# ANYONE FANCY A BLACKPOOL MEET??



## GregTT (Apr 3, 2007)

loads of TT round here
anyone fancy a meet to have a bit of a butchers and a cruise etc :?:


----------



## Godzilla (Feb 20, 2007)

Sounds a good idea to me......but prefer Lythm St Annes


----------



## Sickboy (Oct 13, 2004)

I'd be up for it, used to live there when I was studying. Gotta pick a nice day though. If I remember rightly it seems to rain more in Blackpool than anywhere else I've ever been! :lol:


----------



## davidg (Sep 14, 2002)

We could do a drive from our area , up to southport , sea front road to Blackpool , do you know of a meeting place /car park , cafe , could go up to Morecambe , all on the sea front road , any suggestions .....


----------



## A3DFU (May 7, 2002)

davidg said:


> We could do a drive from our area , up to southport , sea front road to Blackpool , do you know of a meeting place /car park , cafe , could go up to Morecambe , all on the sea front road , any suggestions .....

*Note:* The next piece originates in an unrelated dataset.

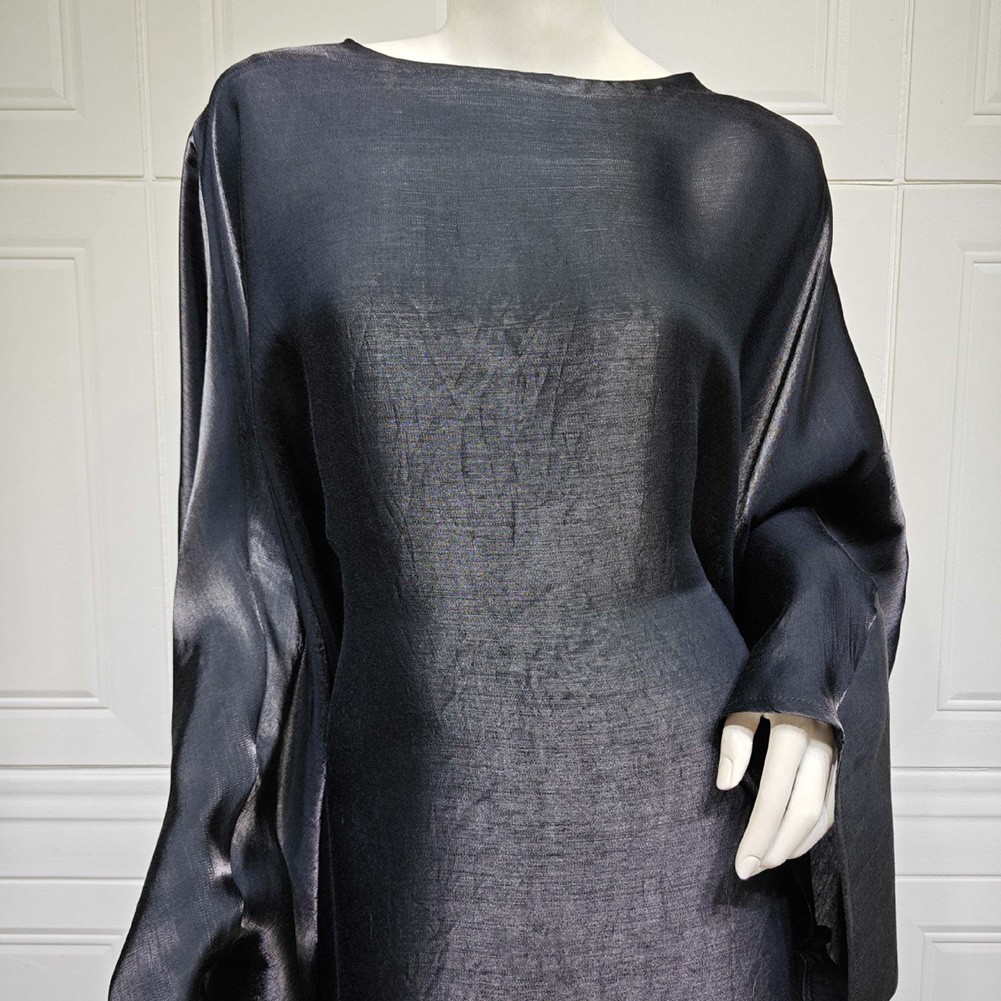 Robe longue femme élégante en tissu soyeux idéale pour les vêtements de vente tous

Are you suggesting a Southport meet, David  8)  [smiley=mexicanwave.gif]


----------



## ObiWan (Sep 25, 2005)

Interested depending on dates


----------



## GregTT (Apr 3, 2007)

lytham to southport sounds good

also up to morecambe - there is a nice country route through pilling up to lancaster that is a great drive, bends and straights


----------



## les (Jul 24, 2006)

GregTT said:


> lytham to southport sounds good
> 
> also up to morecambe - there is a nice country route through pilling up to lancaster that is a great drive, bends and straights


Cruise to Southport, now where have I heard that one before :roll: Count me in on that one.


----------



## davidg (Sep 14, 2002)

Well you Blackpool guys come up with a meeting place , and i will put some dates up , then on up the coast road , does any one know of a meeting place in /around Morecambe , i remember a medium size car park i think near Heysham head :?


----------



## Sickboy (Oct 13, 2004)

Car parks and all that, sounds like a dogging meet to me! :lol: 
Southport, Blackpool whatever all sounds alright to me. Bank Holiday weekend anyone?


----------



## Godzilla (Feb 20, 2007)

Sickboy said:


> I'd be up for it, used to live there when I was studying. Gotta pick a nice day though. If I remember rightly it seems to rain more in Blackpool than anywhere else I've ever been! :lol:


Must never have been to sunny Manchester then :wink:


----------



## GregTT (Apr 3, 2007)

cant do bank holiday as i'm on holiday

meeting places

Blackpool - the metropole hotel / the imperial hotel

Morecambe - morisons car park / the dome car park

:?: :?: :?: :?:


----------



## Sara (Mar 4, 2006)

i'd be up for it but cannot do bank holiday weekends


----------



## Mark Davies (Apr 10, 2007)

Go on, I'll jojn in too. Gives me an excuse to give it a good clean.


----------



## davidg (Sep 14, 2002)

The hotels look ok in Blackpool , if they don't get the hump and move us on :roll: ,,, Morrison's car park    do they not have a sainsburys :lol: :lol: :lol: in morecambe :wink: :wink:

Any preferred dates ?

I will start a new thread with the meet , drive , don't think i t is worth doing food as people are from all round , or a chippy in Blackpool [ local guys ] is there one on the outskirts of Blackpool called the cottage or something.


----------



## les (Jul 24, 2006)

davidg said:


> The hotels look ok in Blackpool , if they don't get the hump and move us on :roll: ,,, Morrison's car park    do they not have a sainsburys :lol: :lol: :lol: in morecambe :wink: :wink:
> 
> Any preferred dates ?
> 
> I will start a new thread with the meet , drive , don't think i t is worth doing food as people are from all round , or a chippy in Blackpool [ local guys ] is there one on the outskirts of Blackpool called the cottage or something.


Dave,
I go to Blackpool often (my girlfriend lives close to there) there is a multi story car park just behind Wilkinsons and its very cheap to park in there. Just around the corner is a chippy called the Yorkshire chippy. They are renowned for their Fish and chips Cod, Chips, Bread & Butter and a cup of tea just Â£5 think they do pies as well :roll:


----------



## A3DFU (May 7, 2002)

les said:


> there is a multi story car park just behind Wilkinsons and its very cheap to park in there.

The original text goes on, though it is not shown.